アカデミー賞を取ったことで<おくりびと>の映画の話題がいっぱいです。

でも今の私にはまだ、この映画は重いので見ていません。

おくりびとと聞くと、二年前に亡くなった兄の納棺時の納棺師を思い出します。

  

兄は自宅で闘病生活をしていて、自宅で息を引き取りました。

納棺師が来る前に家族で、生前兄が気に入っていた洋服が着せられていました。

 

”このお洋服は御主人がお好きだったお洋服なんですね。”

”靴も履かせてあげましょう。” 

と やさしく語りかける納棺師。

”それではこれから亡くなられたご主人様のお清めです。”

奥さまはこちらへと兄の枕もとに義姉が座る。

”さあ、最期の膝枕ですよ。” と 兄の頭を義姉の膝の上にのせる。

お子様方、お母さまはこちらにとその両側に案内する。

           私ともう一人の兄は左右の手の位置に座る。

”それではみなさんで、お清めをしてあげましょう。” 

手渡されたガーゼで兄をそれぞれがいろいろな思いを込めて丁寧に拭ってあげる。

納棺師はゆっくり、私たちにお別れの時間を作ってくれる。

そして、納棺。

”御主人の好きな食べ物はなんですか?”

急に質問されたので、兄の家族はびっくりして顔を見合せて

思わず、昨日喜んで食べていたという ”カレーライス!” と 答えた。

”では、それがあればそれを入れてあげましょう。”

「でも昨日のは食べちゃって残ってないし」 と 誰かがつぶやいていると

”そうですかー、他に好きな物があったらそれを入れてあげてください。”

あれが好きだった、これが好きだったとみんな口々に言う。

”すぐに食べられるように封を開けて、入れてあげてくださいね。”

枕もとに置かれたギターを見て

”御主人は音楽が好きだったのですね。楽譜か何か入れてあげましょう”

義姉はこれでもいいかしらと、ギターのピックを入れた。

”御主人は学者さんでいらしたんですよね、論文とか本(薄い物)とかは?”

”ありますか?”

”さみしくないように、みなさんの写真も入れてあげましょう。
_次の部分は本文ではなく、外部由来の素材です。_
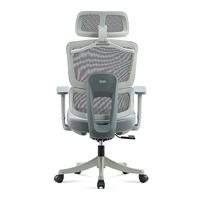 Chaise de bureau avec support lombaire 3D entièrement en mesh |   Chaise de bureau rotative transparente pour secrétaires, bureau, salle d'attente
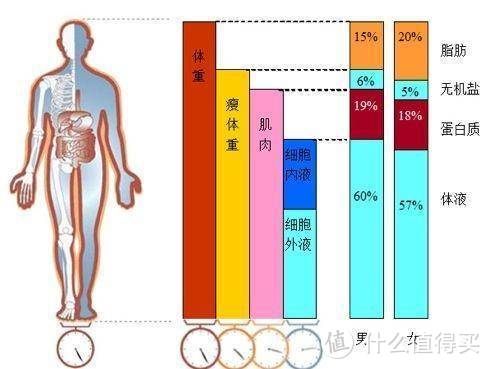 好体知M2智能体脂称评测：一个体脂称为何敢卖500块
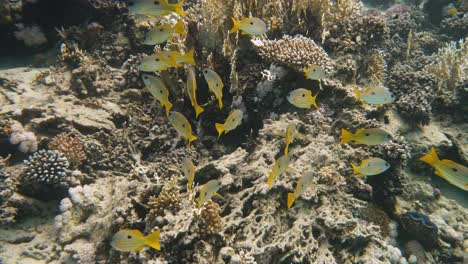 Group-of-yellow-fish-swimming-together-close-to-a-rock-wall-in-4k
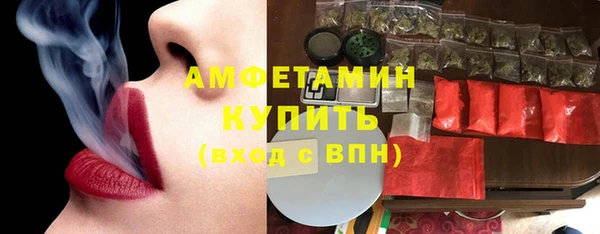 гашик Михайлов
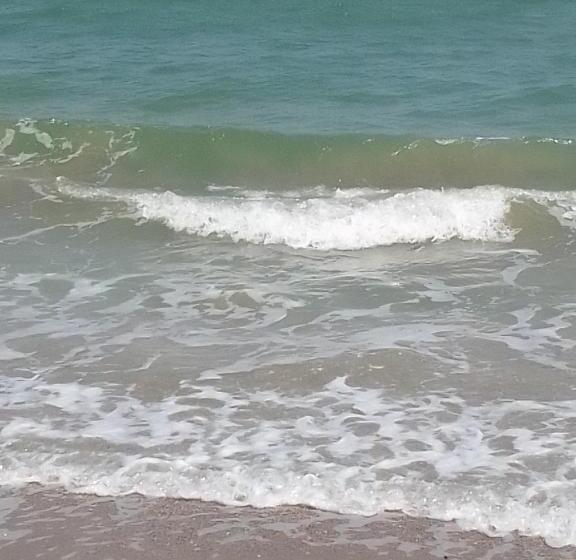 پانسیون Casa Garden Eforie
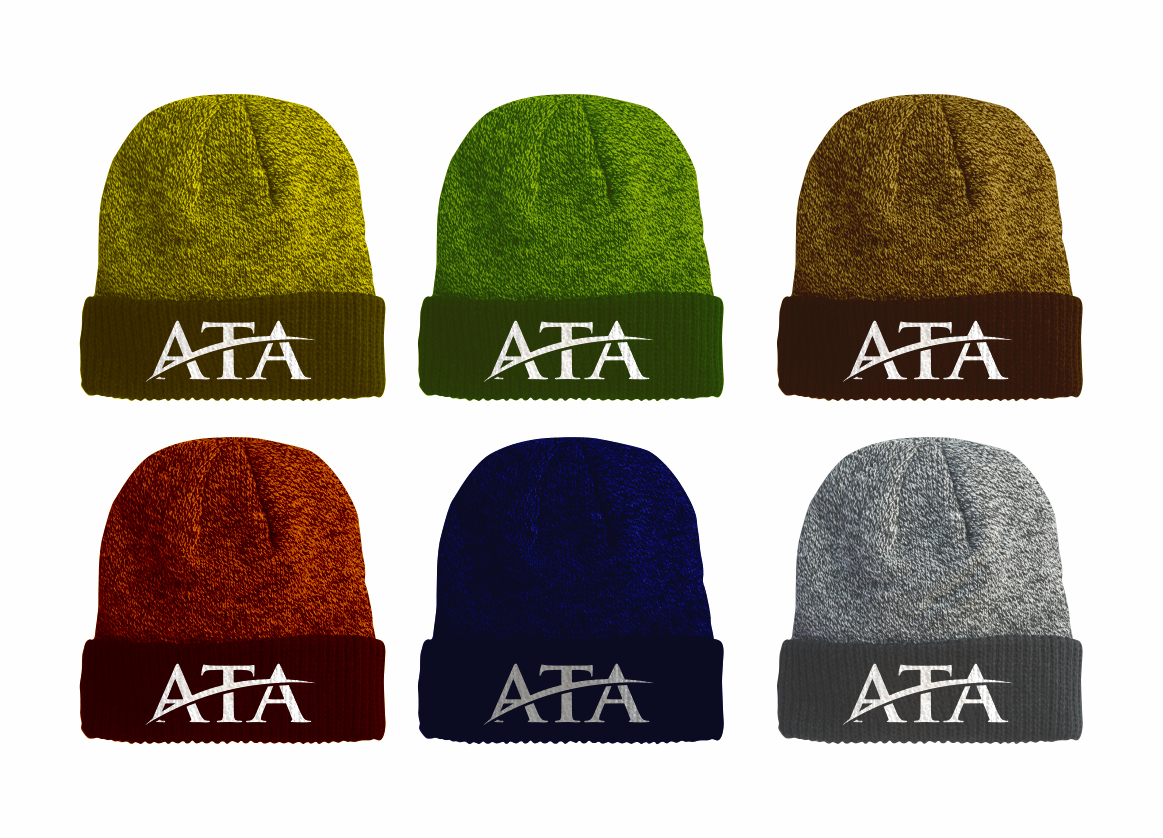 ATA Financial Services, Inc - Financial Services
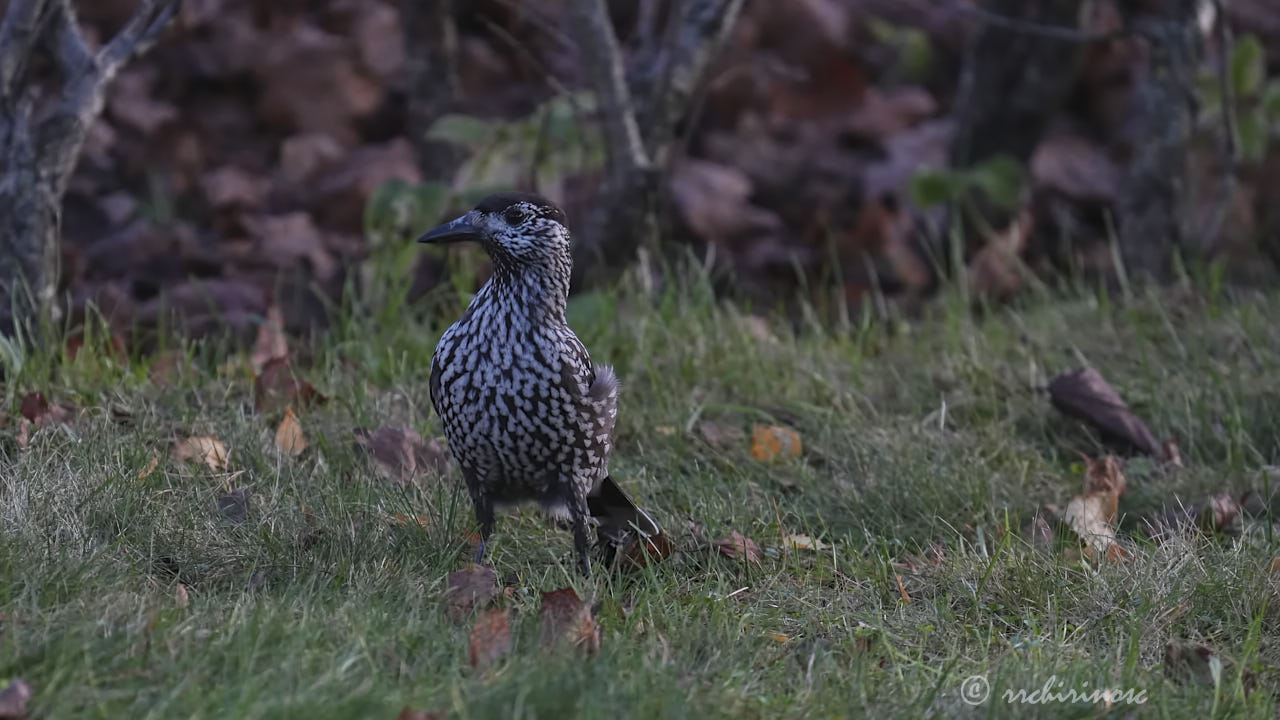 Northern nutcracker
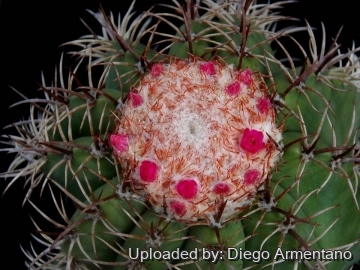 Melocactus matanzanus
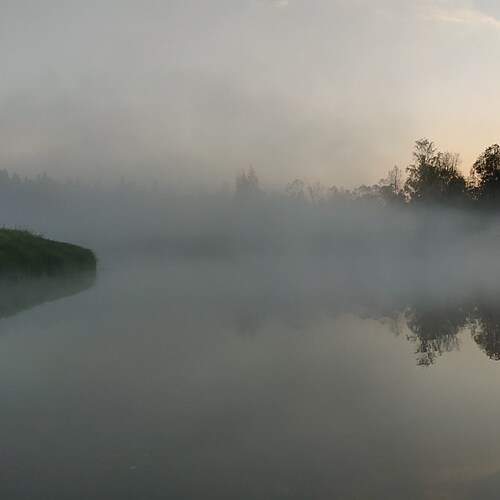 Photo #12102004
”

  

納棺師は、やさしく、穏やかに兄の家族に語りかけるように話しかけ、

はじめは涙に濡れていたみんなの顔も、楽しく過ごした日々を思い出し

やさしい笑顔になり、棺に納まった兄の周りを取り囲んでいた。

兄は好きな食べ物・よく弾いていたギターのピック・最期まで復帰を願った仕事の論文・

そして何よりも大切な家族の写真で埋め尽くされている。

心に残る納棺の儀だった。

  

 納棺師の死者と残された家族へのいたわり方が

           仕事という枠を超えた思いやりに感じた。

                これが、<納棺の儀>だと心に残るものだった。

      :

誠に残念なことに、

その一年後、私はこの時の納棺師のことばを ひとつ、ひとつ思い出しながら

    <我が夫の納棺の儀> を することになってしまった。